EXERCISE GOAL: The required output is the exact run of lines from the one bearing "Hotel Grossbach Menzenschwand-Hinterdorf" through the final line of the listing below, with the pictures removed.

DATASET EXCERPTS:
****
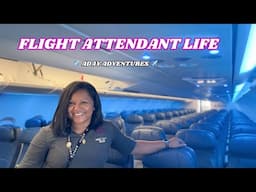 LIFE OF A FLIGHT ATTENDANT EP. 74 | ADAY ADVENTURES + HE WAS NAKED 😳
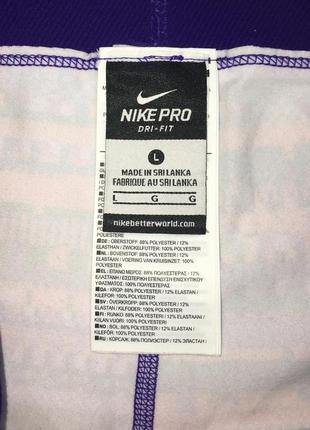 Женские лосины nike pro dri fit - m9 фото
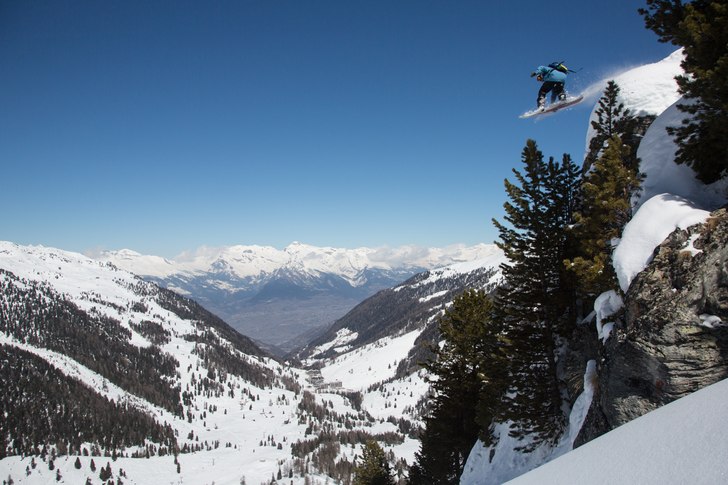 Photo: Erik Nylander. Rider: Christoffer Granbom.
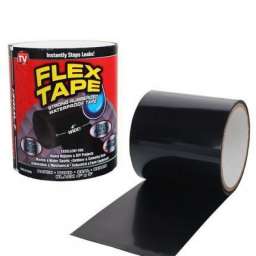 Сверхсильная клейкая лента Flex Tape 10 см
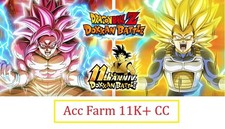 Dokkan Battle - Account have 11,000+ Stones -...
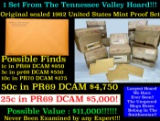 Original sealed 1962 United States Mint Proof Set Tennessee Valley Hoard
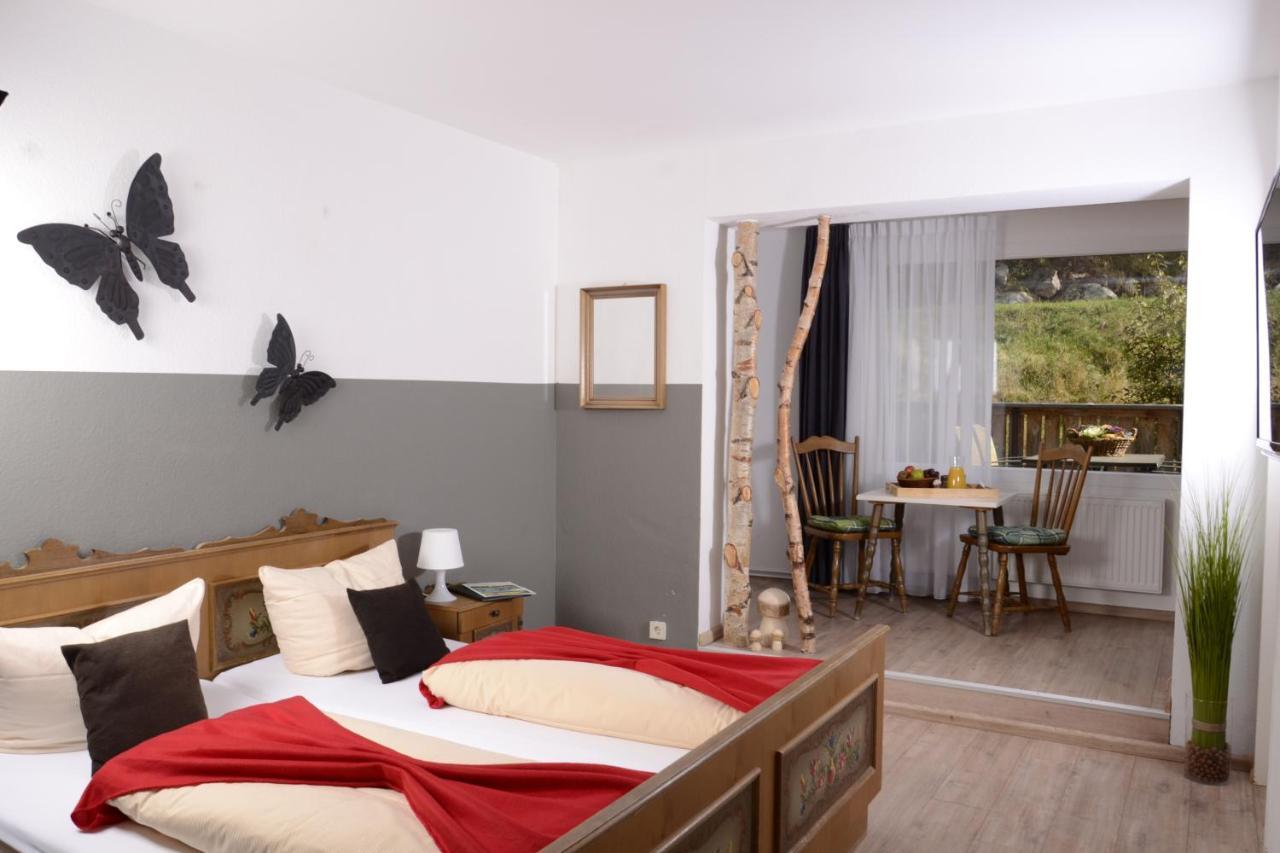 Hotel Grossbach Menzenschwand-Hinterdorf Esterno foto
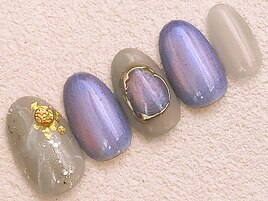 【定額】6490円★　ニュアンス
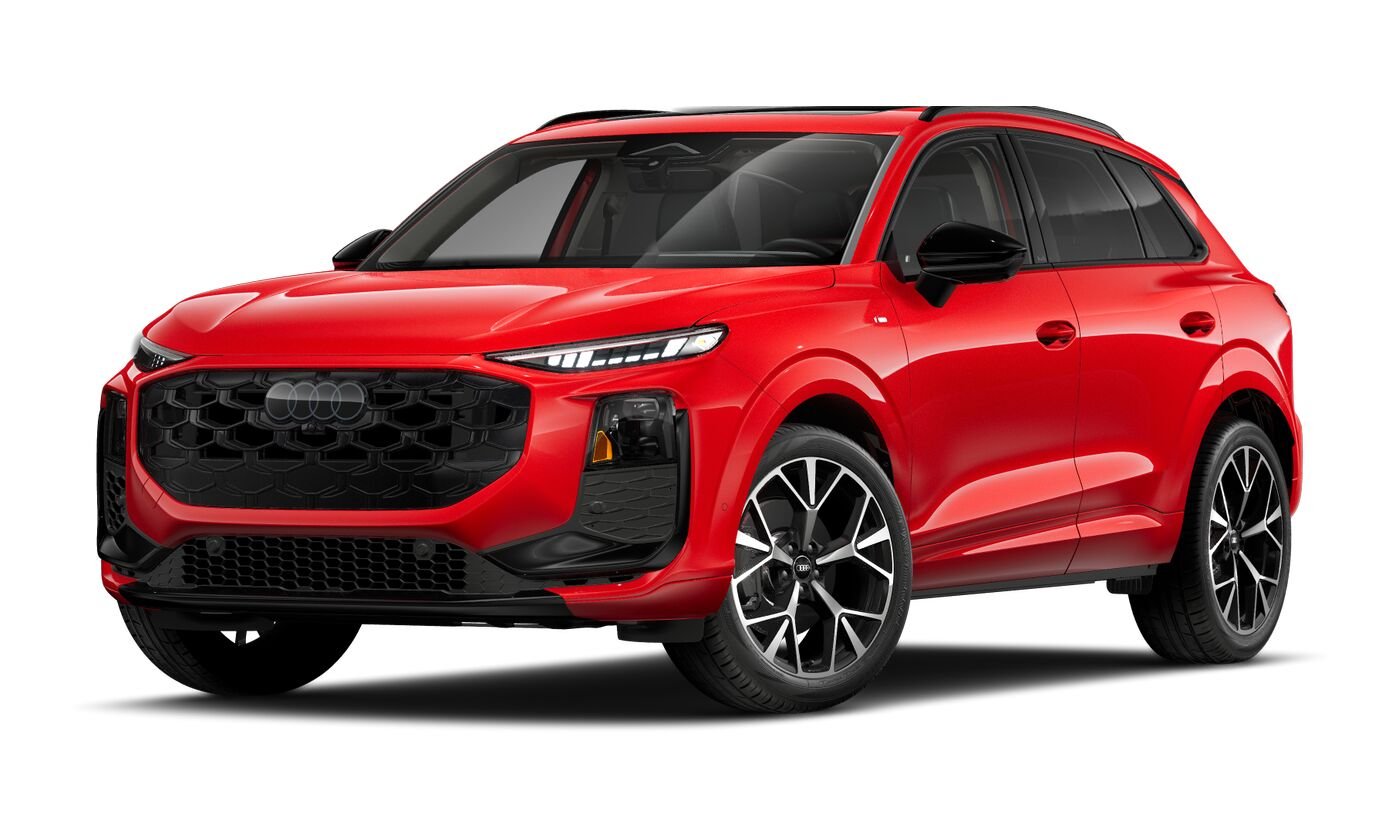 New 2026 PROGRESSIVE RED Audi TFSI quattro S tronic image 1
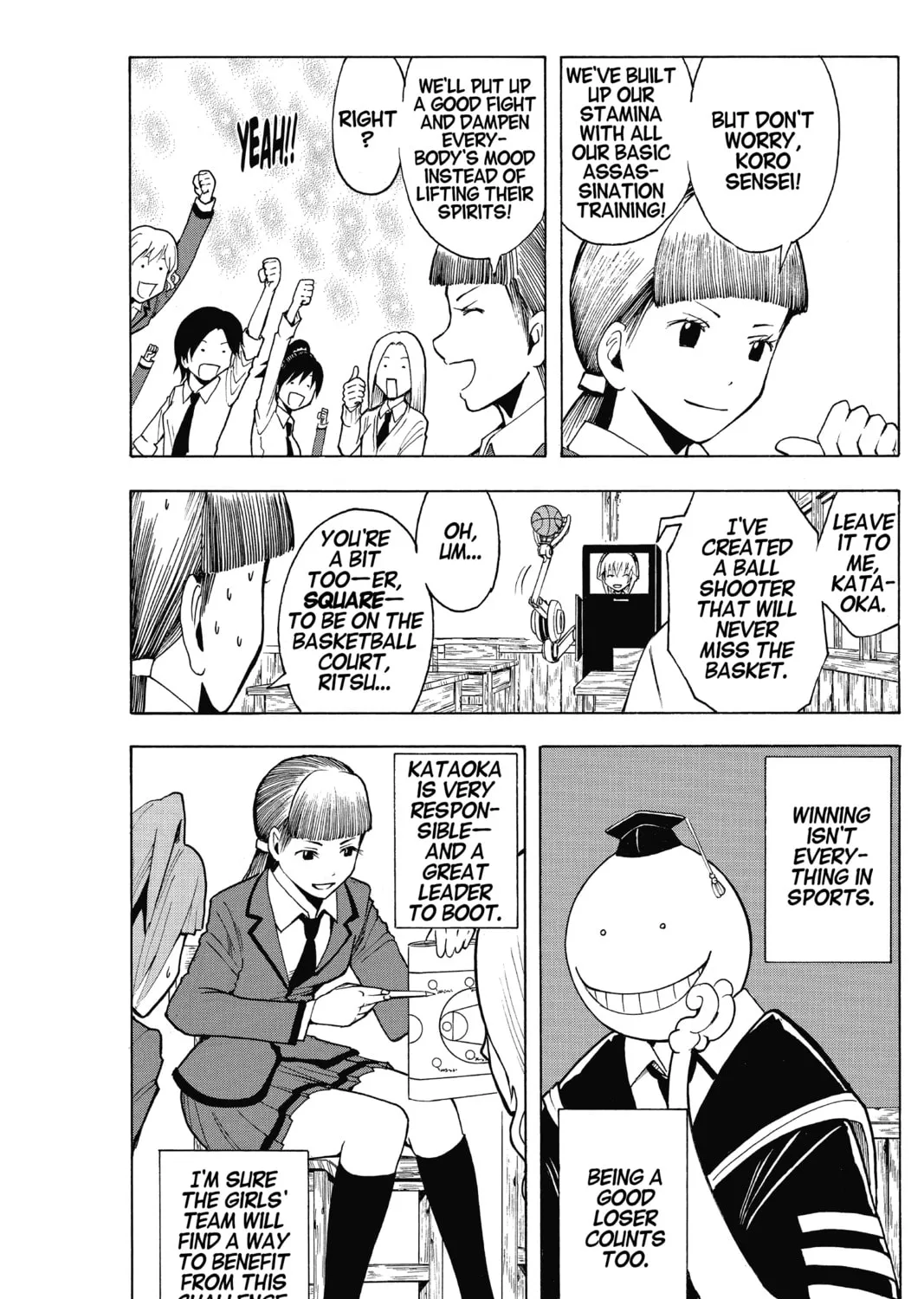 Read Assassination Classroom Manga Online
****
RESPONSE BELOW:
 Hotel Grossbach Menzenschwand-Hinterdorf Esterno foto
 【定額】6490円★　ニュアンス
 New 2026 PROGRESSIVE RED Audi TFSI quattro S tronic image 1
 Read Assassination Classroom Manga Online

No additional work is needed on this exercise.